In this blog article, I want to show you how to build your own Google Voice app. For Natural language processing, we will use API.AI. Our backend will run on a Google Cloud function, also called serverless functions, written in nodejs.
Github
You can find the whole project here on Github
Frontend
To speak of frontend seems a little bit off first. Since we don’t build any visual interface. Nevertheless, our natural language processing interface is the closest unit interacting with the end user.
You can build your own natural language processing unit or use an existing framework such as API.AI. Building on this framework will save us a lot of time.
API.AI
So first we want to create a new Project in API.Ai and make our first intent. As an example, we will build a Chuck Norris joke application.
Our application will just need one intent, since its only task is, to tell a joke. Every different task can be represented by an intent.

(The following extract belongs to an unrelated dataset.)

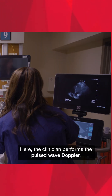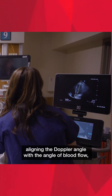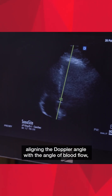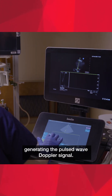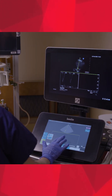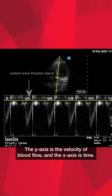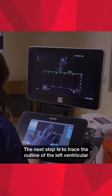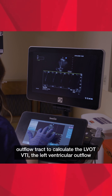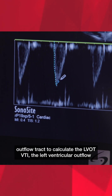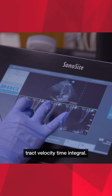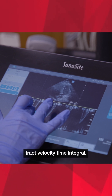The clinician performs pulse wave Doppler, aligning the Doppler angle with the angle of blood flow, generating the pulse wave Doppler signal. The y-axis is the velocity of blood flow, and the x-axis is time. The next step is to trace the outline of the left ventricular outflow tract to calculate the LVOT-VTI — the left ventricular outflow tract velocity time integral.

In our Intent, we want to list different phrases that a user could use. After configuration your intent should look similar to this:
Category
As an advanced feature, we want API.AI to detect a category for a joke if we name one in our sentence. The category will be passed as a variable to our backend application and can be handled as you see later.
Backend
In general, you could use any regular rest service as the backend for our application. Ranging from a own server over to cloud containers up to serverless functions.
I chosen serverless functions because it is the cheapest option, as well the choice with least configuration needed. You don’t have to worry about configuring the Google cloud firewall or creating long setup scripts. Furthermore our application won’t has a balanced load usage, instead, it will be more like some sparks of resource usage. This is why cloud functions are a perfect match.
The downside of the Google Cloud is, you are limited to nodejs. So you can only write your functions in javascript for now. But there other cloud providers, such as IBM Bluemix or AWS that has more diversity in stock.
To collect our jokes we use the free service api.chucknorris.io.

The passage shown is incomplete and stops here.